Analyse: Gefährdet Corona die Gehaltsstrukturen der Versicherer?
Die Pandemie könnte die Branchenangestellten teuer zu stehen kommen. Fast jedes fünfte Unternehmen weltweit hat in der Coronakrise Gehälter gekürzt, deutlich mehr Erhöhungen gestrichen. Zwar sind die Angestellten tarifvertragsgeschützt, doch in zwei Jahren wird neu verhandelt. Wie AGV, Gewerkschaften und Versicherer die Situation und die Auswirkungen von Corona auf die künftigen Gehälter bewerten, hat VWheute in Erfahrung gebracht.
Nahezu jedes fünfte Unternehmen weltweit (19 Prozent) hat in der Coronakrise Gehälter gekürzt, 31 Prozent haben die jährlichen Gehaltserhöhungen ausgesetzt, zeigt der Korn Ferry Pulse Survey. In Deutschland sieht es allerdings besser aus. Trotz des Krisenjahres planen die Unternehmen hierzulande die Gehälter im nächsten Jahr im Median um 2,5 Prozent nominal anzuheben. Weitere gute Meldungen für deutsche Arbeitnehmer hat die Unternehmensberatung Mercer. Im Jahr 2020 liegt der durchschnittliche nominale Gehaltszuwachs in Deutschland bei 2,2 Prozent, das inflationsbereinigte Plus beläuft sich auf 1,7 Prozent. Damit liegt die reale Lohnsteigerung „erheblich über dem Vorjahresniveau“.

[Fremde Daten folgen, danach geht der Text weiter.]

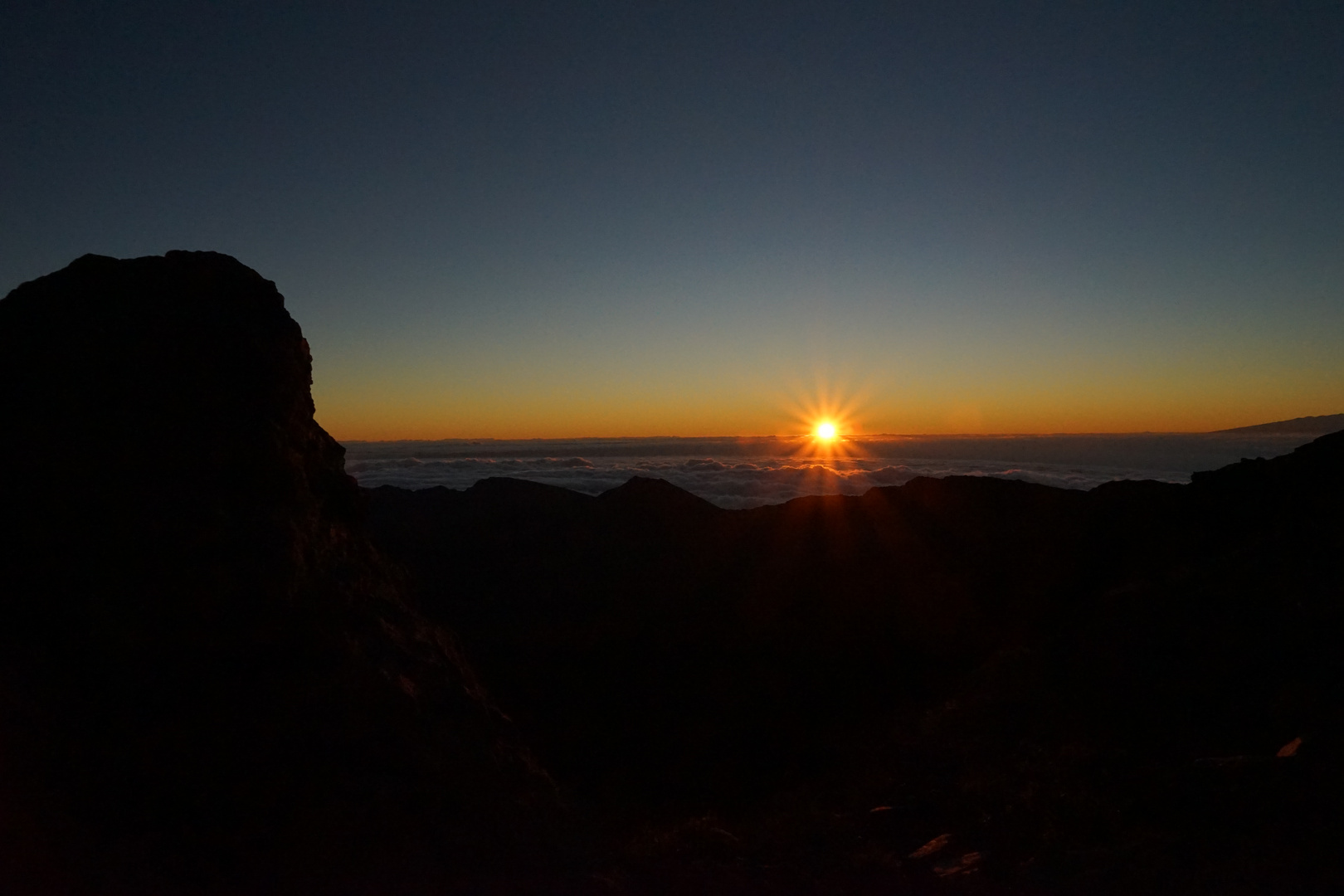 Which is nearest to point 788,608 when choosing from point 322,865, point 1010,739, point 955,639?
point 955,639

Den Gute-Nachrichten-Hattrick schließt Sebastian Hopfner, stellvertretender Hauptgeschäftsführer des AGV ab. „In der deutschen Versicherungswirtschaft wird die COVID-19-Krise nach gegenwärtigen Erkenntnissen keine unmittelbare Auswirkung auf die Lohnentwicklung haben.“ Der im November 2019 getroffene Tarifabschluss habe „Planungssicherheit für beide Seiten auch in der Krise geschaffen“. Insofern wäre es richtig gewesen, „einen Abschluss mit langer Laufzeit“ – Januar 2022 – zu vereinbaren.“
Es könne „natürlich nicht ausgeschlossen werden“, dass sich die Krise „mittelbar auf die Tarifverhandlungen 2022/2023 auswirken wird“. An dieser Stelle würden Geldpolitik, die Inflation vor allem aber die Geschäftsentwicklung eine „gewisse Relevanz haben“. Derzeit sei nicht absehbar, wie sich die für den Tarifabschluss relevanten Indikatoren entwickeln werden. Fest steht laut Hopfner, dass die Tarifpolitik der letzten Jahre „absolut richtig war“. Die „Abschlüsse mit Augenmaß“ erweisen sich als „Nachhaltigkeitsfaktor für die Beschäftigung in der Branche, auch und gerade in Krisenzeiten“.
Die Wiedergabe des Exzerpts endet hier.